But the proposal has also drawn praise. "It's a very good piece of legislation," said Open Access Project's Suber. "It will vastly increase the return on U.S. investment in research by getting it into the hands of everybody who can build on it. Right now [the research] is locked up in subscription journals. By making research openly available, it makes it more usable," Suber told The Scientist....

Comments. Three quick responses.

  • Martin Frank's objection would carry more weight if publishers who disliked the FRPAA refused to publish federally-funded research. But he is a publisher and he's not refusing. So far, none of the publishers he represents on the DC Principles Coalition is refusing. So far no publishers anywhere are refusing. Until they do, authors have no dilemma.
  • BTW, I used the "author dilemma" argument myself as an objection to the NIH policy. The problem is that the NIH policy is a request, not a requirement. Hence, authors (grantees) are under pressure from their funding agency to comply, and to do so as soon as possible, but also under pressure from their publisher not to comply or to do so as late as possible. FRPAA avoids this problem by mandating compliance and imposing a firm deadline. Moreover, FRPAA uses a government license as the legal basis for disseminating the OA copies, not publisher consent. This is also part of the solution, since it reduces the publisher's bargaining power with authors. Publishers who dislike the policy gain nothing by pressuring their authors; they have to defeat the bill or refuse to publish federally-funded research. If Frank really wants to spare authors from the funder-publisher dilemma, he should aim the objection at the NIH policy and join the call for a mandate.

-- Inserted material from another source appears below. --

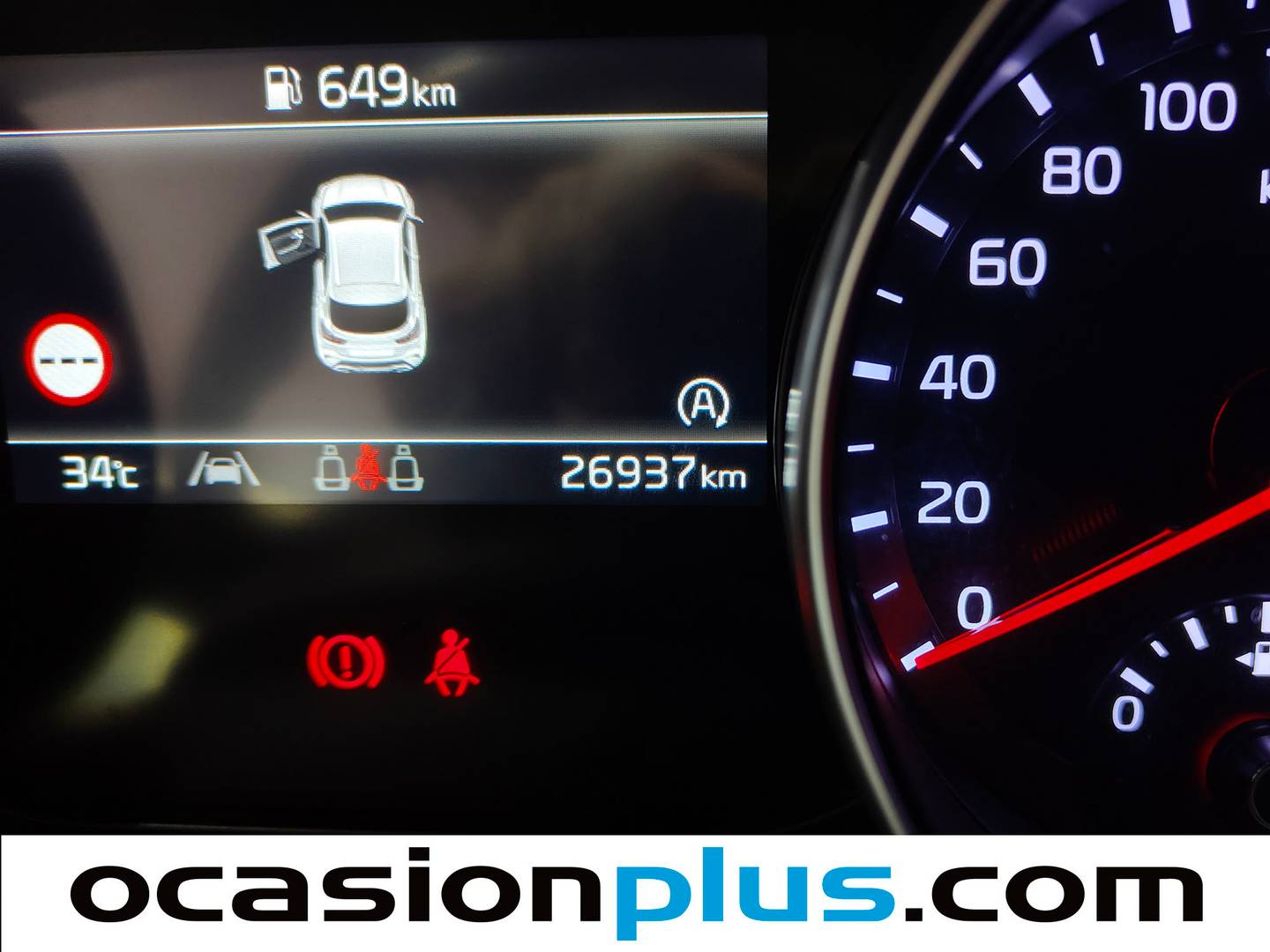 KIA XCeed KIA XCeed 1.0 T-GDi Drive (100 CV) seminuevo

  • On Howard Garrison's argument that the FRPAA is a wasteful "duplication of effort", let me use the same reply I used when the AAP's Brian Crawford called it "duplicative": "The claim...is simply false. Some publishers are providing OA to some content when it's sufficiently old. But this is a far cry from providing OA to virtually all federally-funded research within six months of publication. If publishers are saying that over time their voluntary efforts will approach what FRPAA would mandate, then they have to give up their claim that this will harm journals. They can't have it both ways."